Activity: Would you print the lines below exactly, beginning at the line that has "For more information" and stopping after the line that has "This video is"? Only those lines, and no pictures.

Records for this task:

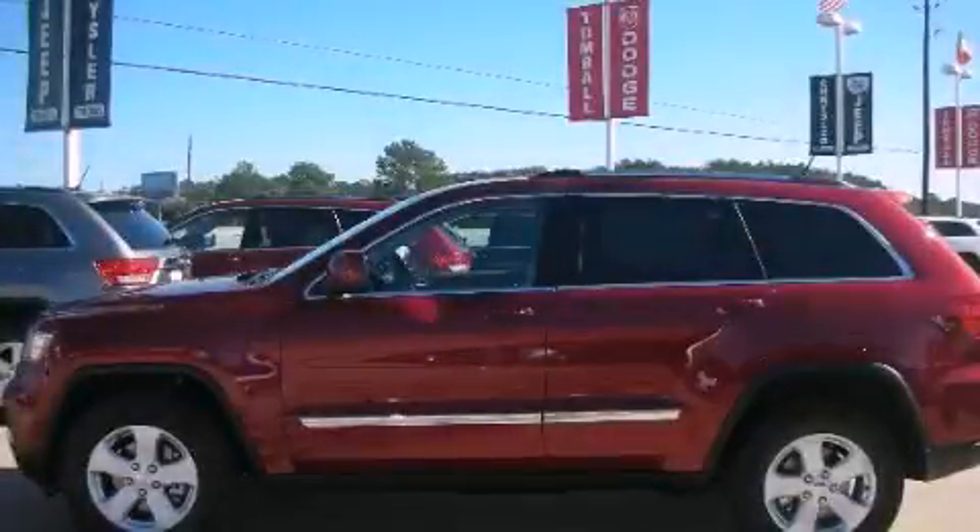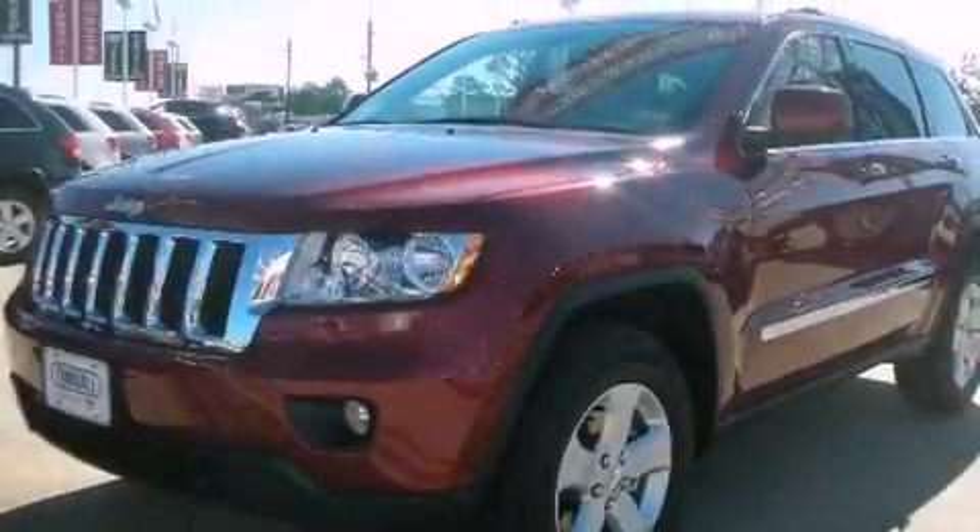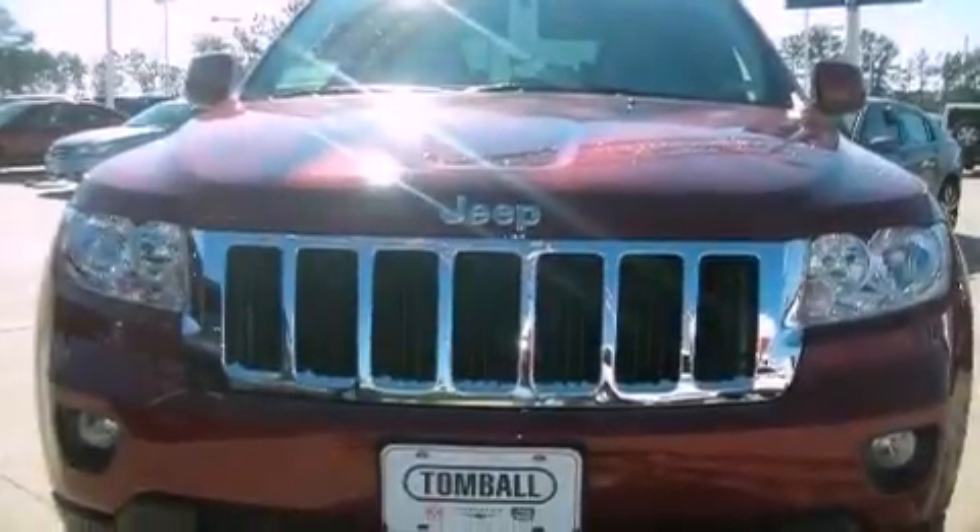This is a brand new 2012 Jeep Grand Cherokee, a vehicle with safety, comfort, and space. It has a 5.7 liter, 8-cylinder engine, and a 5-speed automatic transmission.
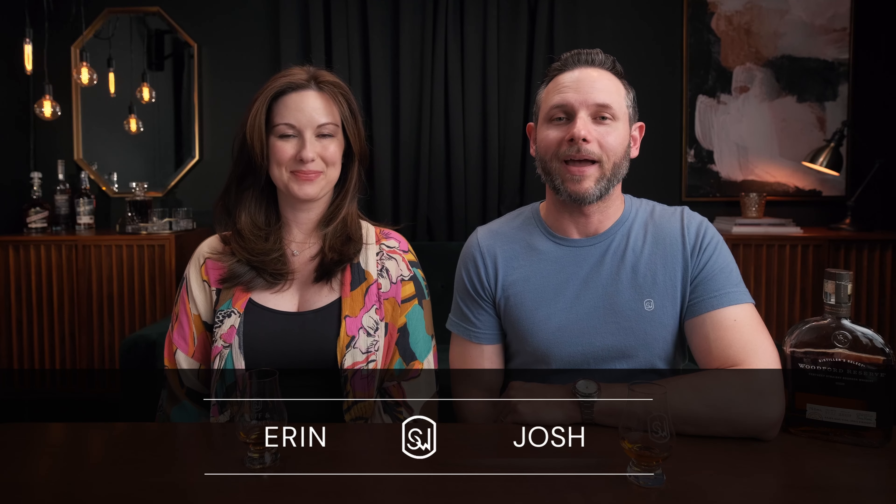Welcome to the channel, bringing a real world perspective to the real world whiskey consumer. I'm Josh and I'm Erin. Today we're getting back into another one of our videos where we revisit a classic from our yesteryear. We've done one of these before — didn't know if it was actually going to end up being a series we'd continue, but you guys showed up and the views and comments showed up too.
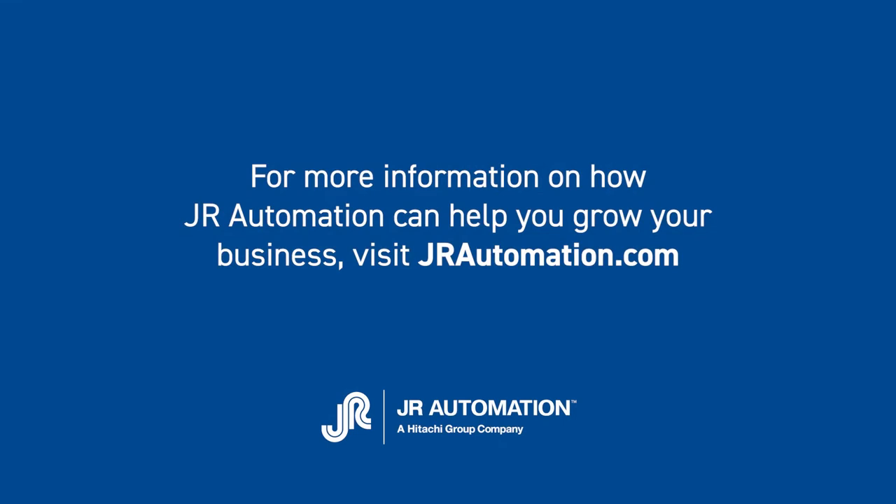For more information on how JR Automation can help you grow your business, visit JRAutomation.com or contact one of our sales professionals.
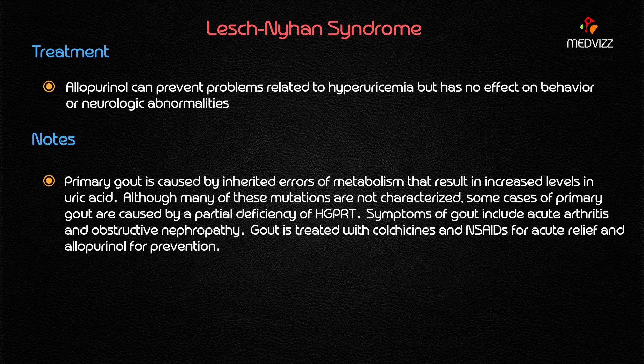The treatment of choice is allopurinol, which is a xanthine oxidase inhibitor. Allopurinol can prevent problems related to hyperuricemia, but remember it has no effect on the behavioral or neurological manifestations seen in Lesch-Nyhan syndrome.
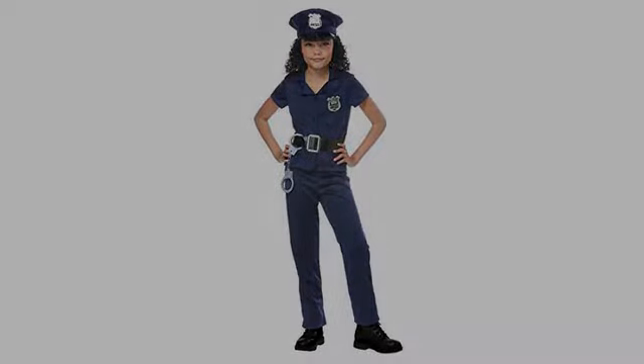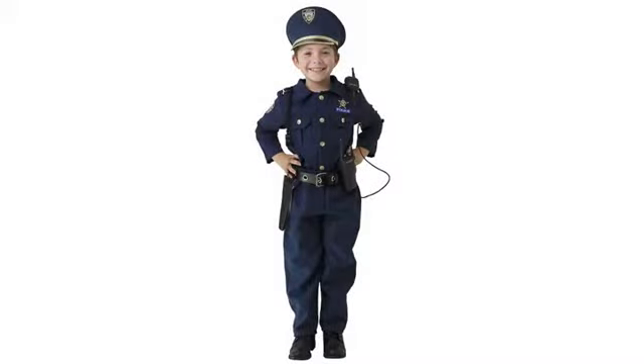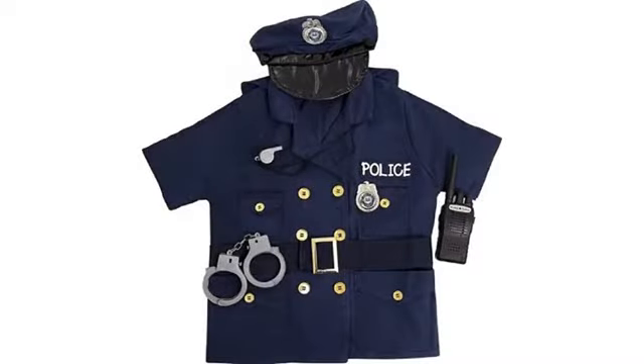The costume, belt and hat were better than expected, but the rest of the accessories were incredibly cheap and flimsy. My son broke the handcuffs within an hour or so of playing with them.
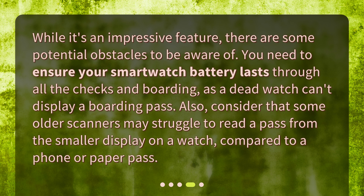You need to ensure your smartwatch battery lasts through all the checks and boarding, as a dead watch can't display a boarding pass. Also, consider that some older scanners may struggle to read a pass from the smaller display on a watch, compared to a phone or a paper pass.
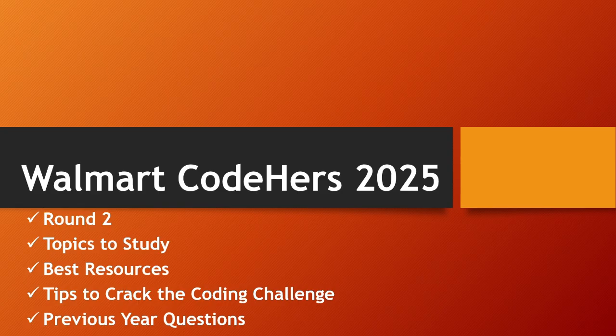This video is all about the Walmart Coders coding challenge. I'll be sharing the complete details of Round 2, the topics you need to study to crack it, the best resources to prepare, tips to crack the coding challenge, and I've sorted nearly 35 previous year questions. Let's see all these in detail.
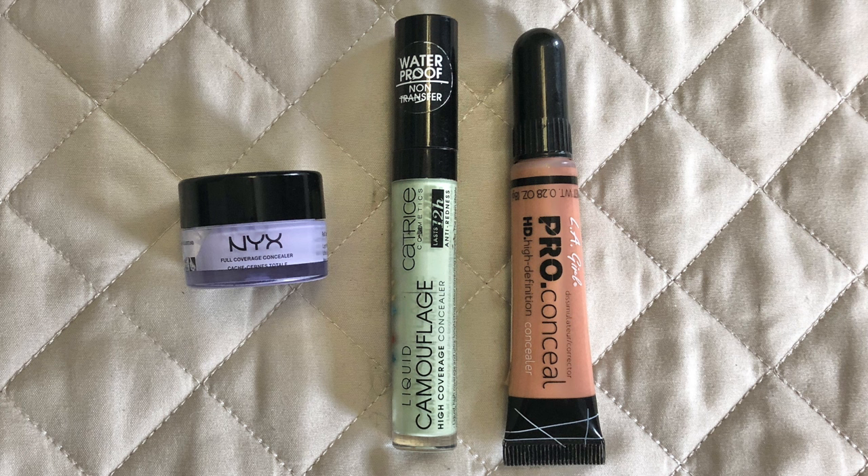Next up: color correctors. I only own three and I'm working on all three in panning projects. I probably shouldn't have them in panning projects because I only use them when I need them — unlike foundation, I don't need color corrector every single day, so they'll take a while. I don't think I'd repurchase the lavender or the peach again, but the green I would definitely keep because I get a lot of redness in my face.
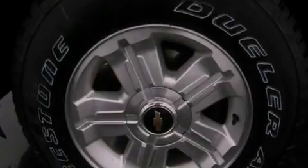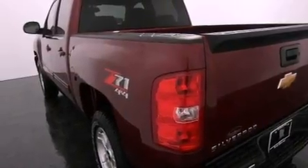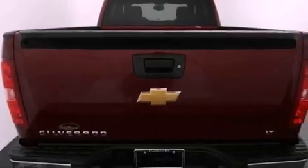Its top features and packages include the appearance package and a tire pressure monitoring system. The following features are also included: a remote start feature, aluminum wheels, traction control and stability control systems, hill start assist, and variable valve timing.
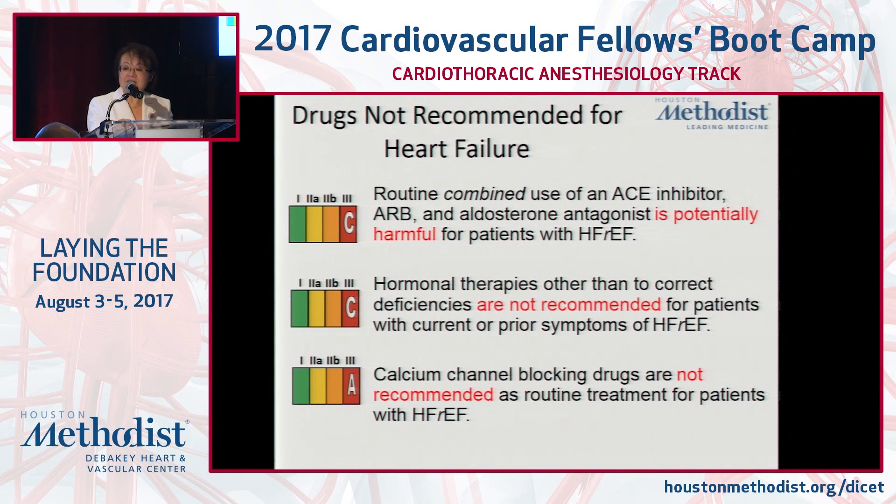Drugs not recommended in heart failure include: combining ACE inhibitors, ARBs, and aldosterone antagonists together; hormonal therapies beyond what is needed to correct deficiencies; and calcium channel blockers — especially verapamil — those that can decrease cardiac output, which are not recommended in heart failure with reduced ejection fraction.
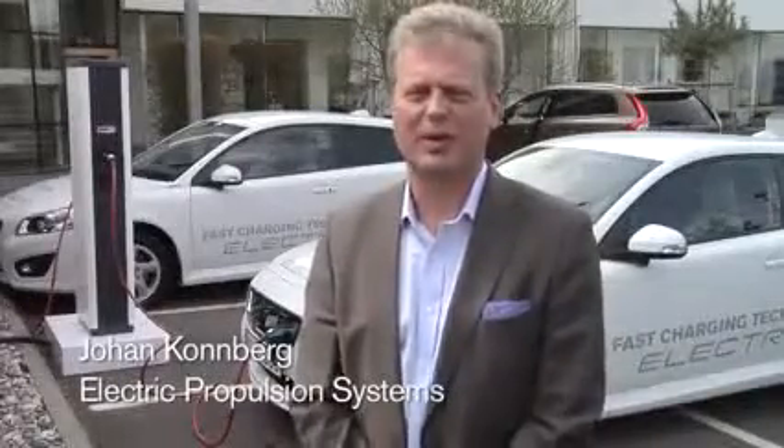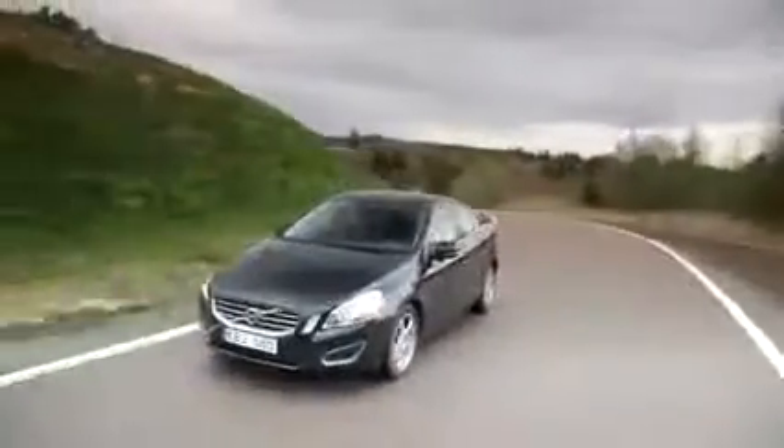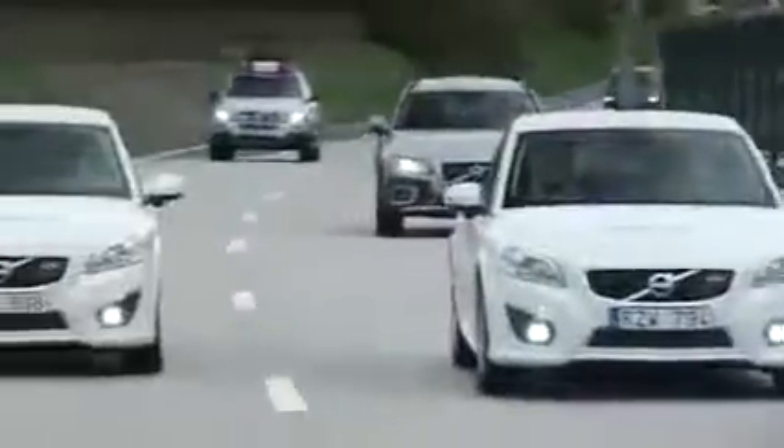Today we have been out on a test drive. We started with the KERS technology and then we have just driven the first product out of the partnership with Siemens, which is a C30 electric generation 2.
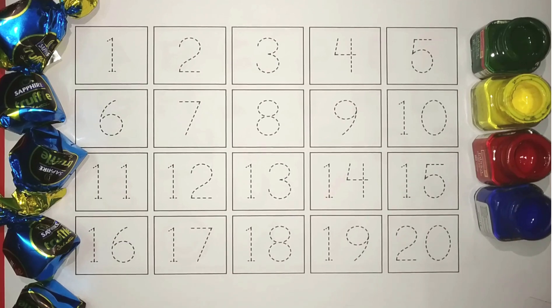Hi kids! Welcome to our channel. Let's learn counting. 1, 2, 20.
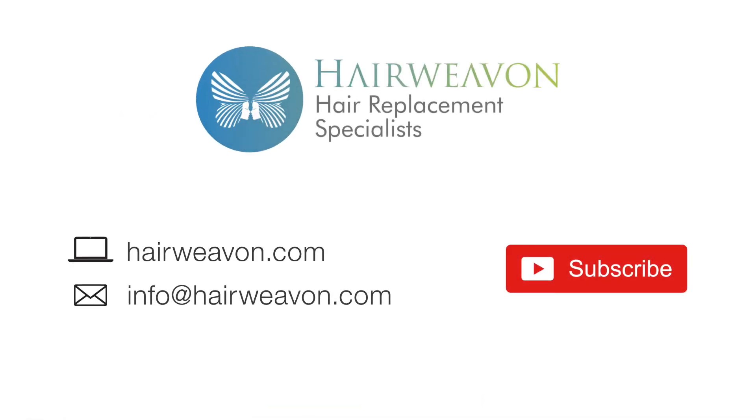Be sure to subscribe for the latest trends in wigs and hair replacement systems.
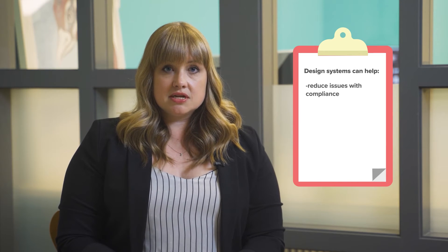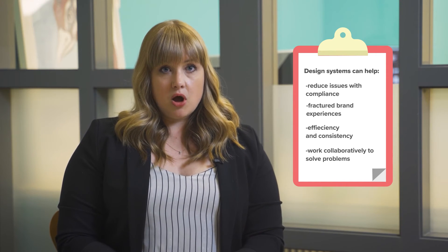Design systems can help reduce issues with compliance, fractured brand experiences, efficiency and consistency, and unify your teams to work collaboratively to solve problems.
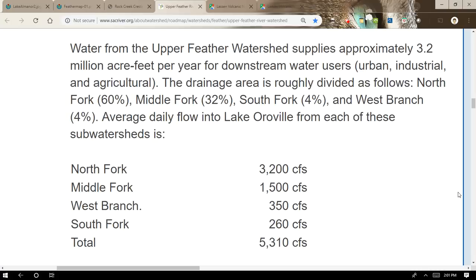Water from the Upper Feather watershed supplies approximately 3.2 million acre-feet per year for downstream water users. The drainage area is roughly divided as follows: North Fork 60%, Middle Fork 32%, South Fork 4%, and West Branch 4%. The average daily flow into Lake Oroville from each sub-watershed is: North Fork approximately 3,200 cubic feet per second, Middle Fork approximately 1,500 cubic feet per second, with the West Branch and South Fork contributing minor amounts — for a total of over 5,000 cubic feet per second from all sub-watersheds flowing into Lake Oroville.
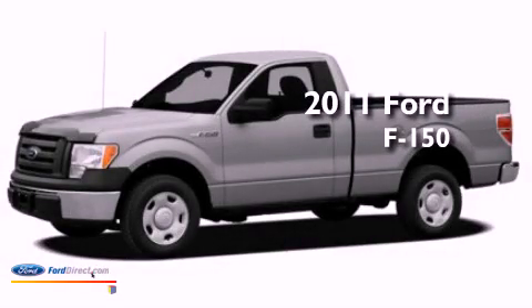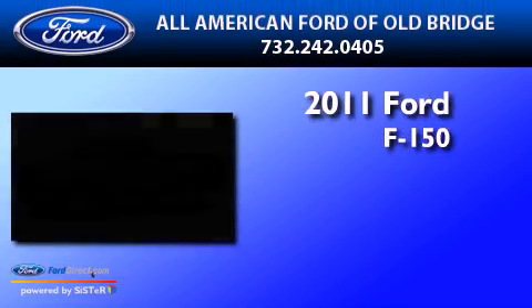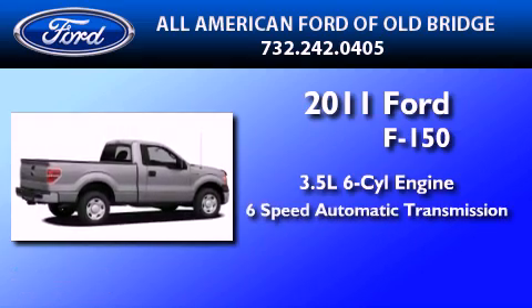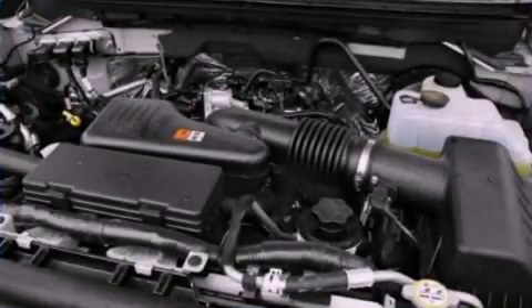This is a brand-new 2011 Ford F-150. It has a 3.5-liter six-cylinder engine, a six-speed automatic transmission, and four-wheel drive.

Task output:
For more information on how JR Automation can help you grow your business, visit JRAutomation.com or contact one of our sales professionals.
The treatment of choice is allopurinol, which is a xanthine oxidase inhibitor. Allopurinol can prevent problems related to hyperuricemia, but remember it has no effect on the behavioral or neurological manifestations seen in Lesch-Nyhan syndrome.
The costume, belt and hat were better than expected, but the rest of the accessories were incredibly cheap and flimsy. My son broke the handcuffs within an hour or so of playing with them.
You need to ensure your smartwatch battery lasts through all the checks and boarding, as a dead watch can't display a boarding pass. Also, consider that some older scanners may struggle to read a pass from the smaller display on a watch, compared to a phone or a paper pass.
This video is all about the Walmart Coders coding challenge. I'll be sharing the complete details of Round 2, the topics you need to study to crack it, the best resources to prepare, tips to crack the coding challenge, and I've sorted nearly 35 previous year questions. Let's see all these in detail.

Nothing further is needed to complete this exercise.